The tension present in the Mosaic legalists’ and natural lawyers’ rules of recognition was not merely a continuation of the long-standing problem of accommodating timeless, divinely grounded principles to the mutability of human affairs. This problem took many forms. To begin with, the unchanging foundational
principles of natural and divine law needed to be connected through mid-level propositions to the varying times, places and circumstances of diverse societies. These basic principles were highly general (‘love God’, ‘do no evil’). They could be
applied to daily life only if particularized. In Thomist vocabulary, this was done by generating ‘conclusions’ (deductions of more specific secondary and tertiary precepts from foundational principles) and by creating ‘determinations’ (civil and ecclesiastical ordinances that applied natural and divine injunctions to specific cases). A second example of early modern theorists struggling to connect perpetual tenets to alterable communities occurred in the intense English debate over Church structure and governance.
Elizabethan and early Stuart defenders of the Church of England, notably Richard Hooker, struggled to expand the range of adiaphora in order to explain how the eternal ends of Christian faith could be served by a variety of forms of ecclesiastical organization and discipline suited to specific social conditions. The overall challenge in both of these arenas and many others was to produce the ‘conclusions’, ‘determinations’, institutional structures and practices that would give unchanging, divinely grounded principles practical expression amid diverse societies developing over time. The means chosen to effectuate invariant godly ends in a particular community had to take account of historical change, social variation and the claims of convenience. The many typologies distinguishing natural and divine eternal law from humanly made transient law — Domat’s ‘immutable’ and ‘arbitrary’ law, Althusius’s ‘common’ and ‘proper’ law, and so on — made the latter the realm of the ‘utility, condition, and other special circumstances of the country’.

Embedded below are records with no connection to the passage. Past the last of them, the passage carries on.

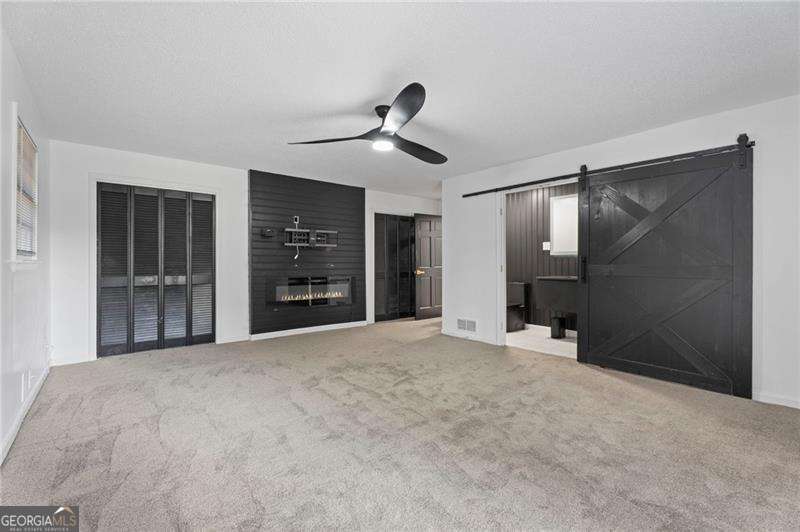 6307 Shallowford Way Property Photo 13
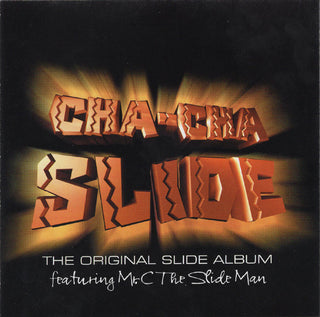 Various- Cha-Cha Slide: The Original Slide Album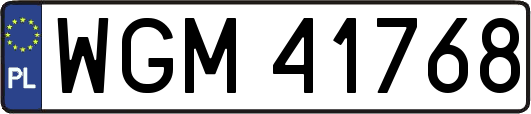 WGM41768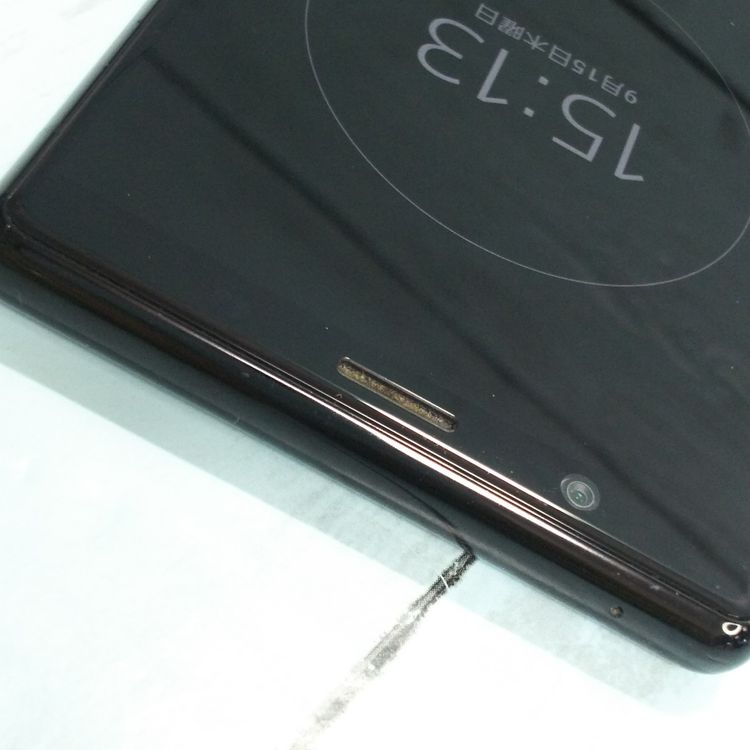 au Xperia5 SOV41 �֥�å�  445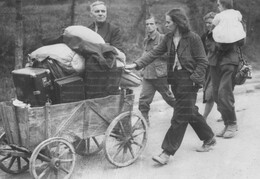 German Civilians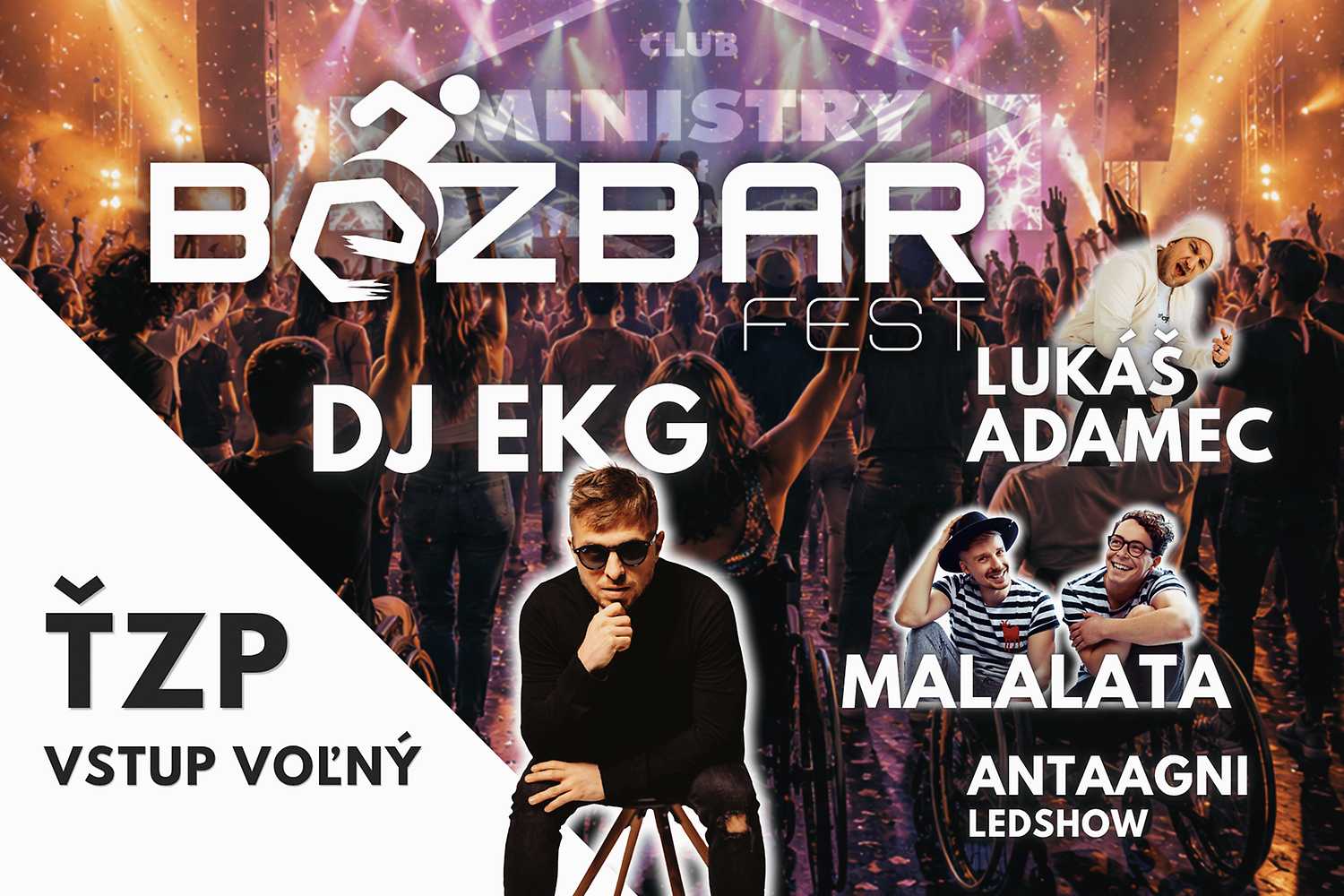 BezBar Fest 2026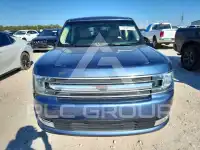 2019 Ford FLEX фото
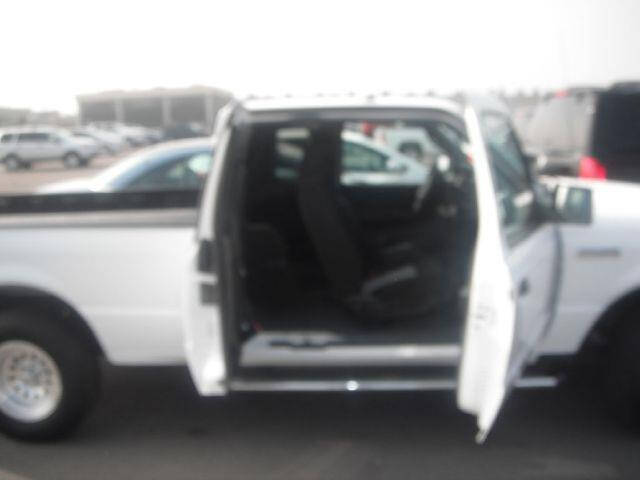 2009 Ford Ranger XLT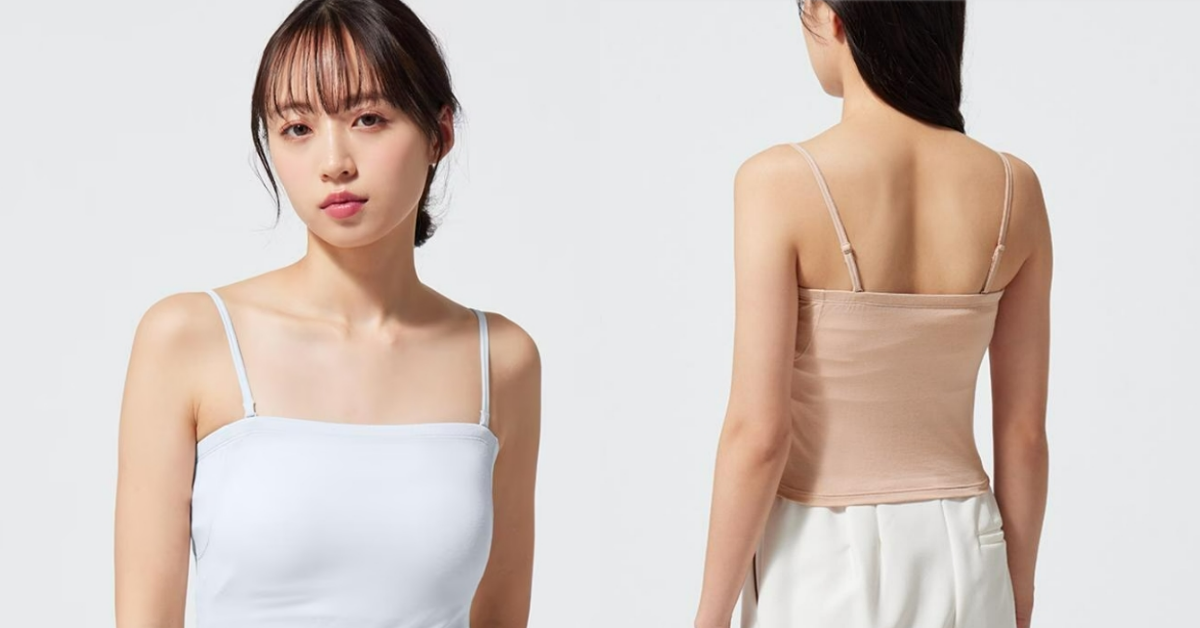 夏季穿搭必備！2023「涼感衣」推薦：UNIQLO涼感T恤、One Boy防曬外套讓你穿得又涼又有型
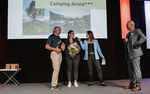Camping Arnist - Bester 3-Sterne Camping Berner Oberland - Swisscamps Award 2023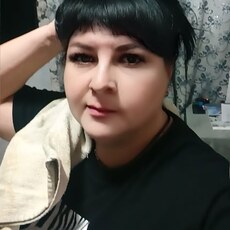 Фотография девушки Татьяна, 38 лет из г. Новосибирск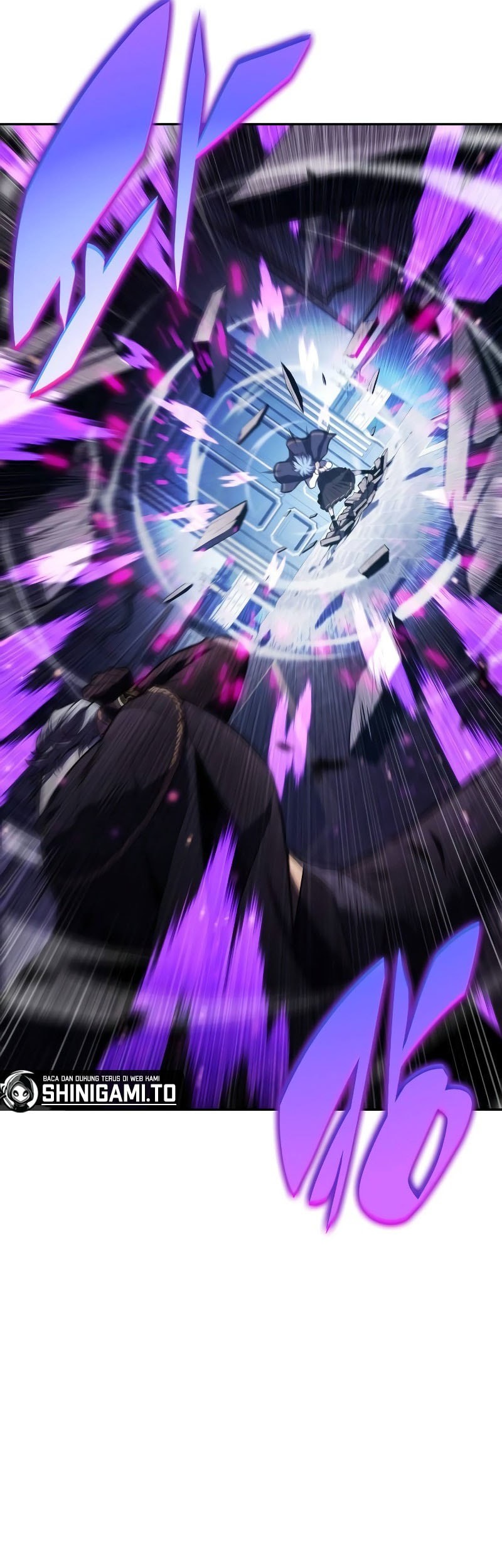 The Regressed Son Of A Duke Is An Assassin - Chapter 84 - Page 30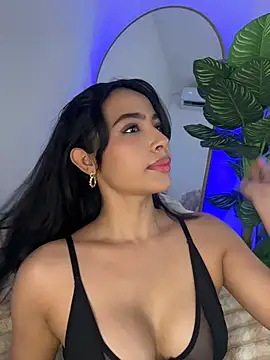  Emily Thompson  online show from March 30, 2026, 2:34 am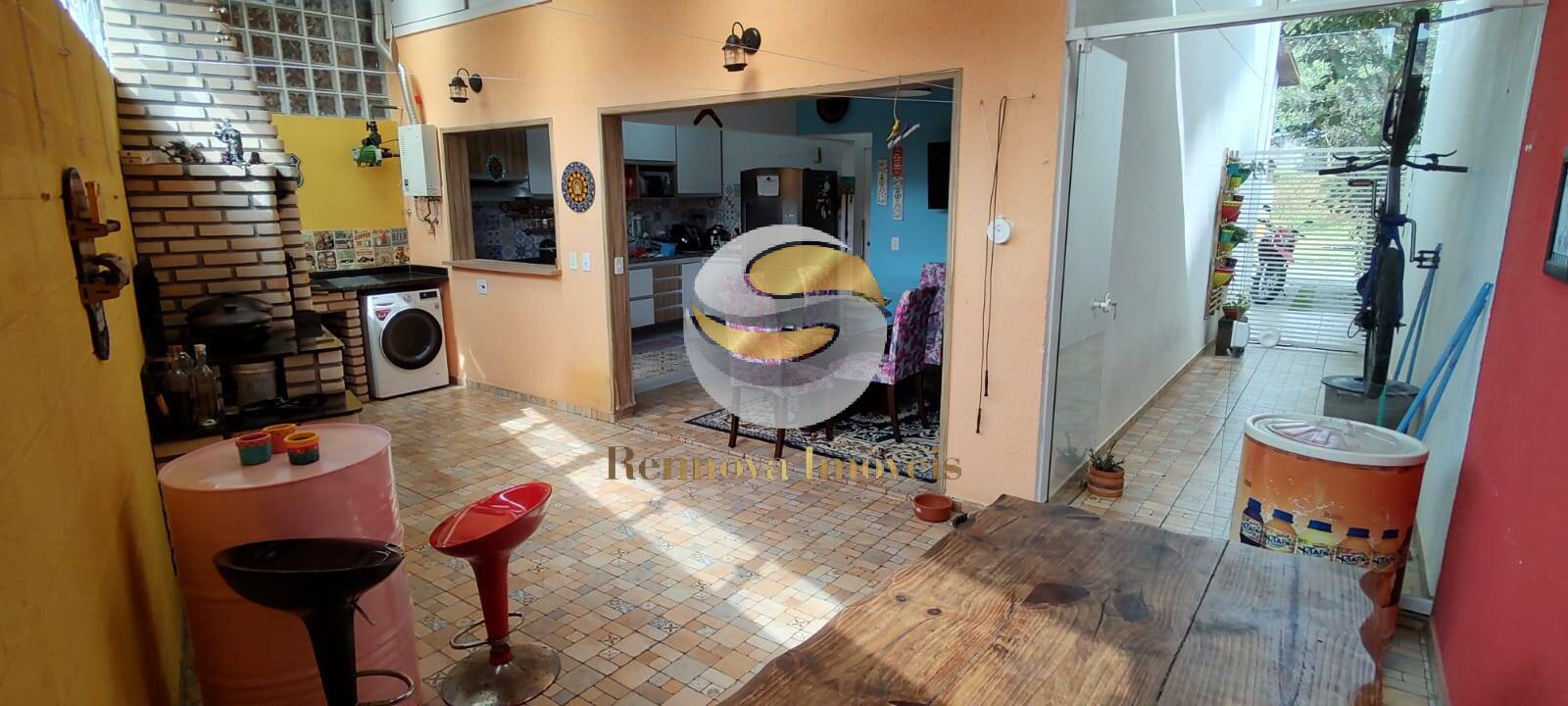 Casa de Condomínio, 3 quartos - Foto 12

This background allows clearer perception of what was distinctive about the rules of recognition used by Mosaic legalists and Protestant natural lawyers. For them, convenience and social and historical variation did more than shape the means selected to give effect to already known natural and divine principles. The Mosaic legalists and Protestant natural lawyers also worked these factors into their methodology for identifying natural precepts and judicial laws of general equity. Change over time, social structures and convenience — matters of the transient, human world — were incorporated into the rules for recognizing natural and divine precepts that were perpetual, beyond time and culture. This tension, not unknown before but greatly enhanced among the Mosaic legalists and Protestant natural lawyers, distinguished them from prior Renaissance and medieval seekers after eternal ordinances. But attention to historical change and arguments about convenience needed to be carefully contained by stabilizing conventions. The stakes were high. For the Mosaic legalists’ and Protestant natural lawyers’ rules of recognition helped answer that most pressing, perennial question: what was God, through scripture and nature, commanding us to do?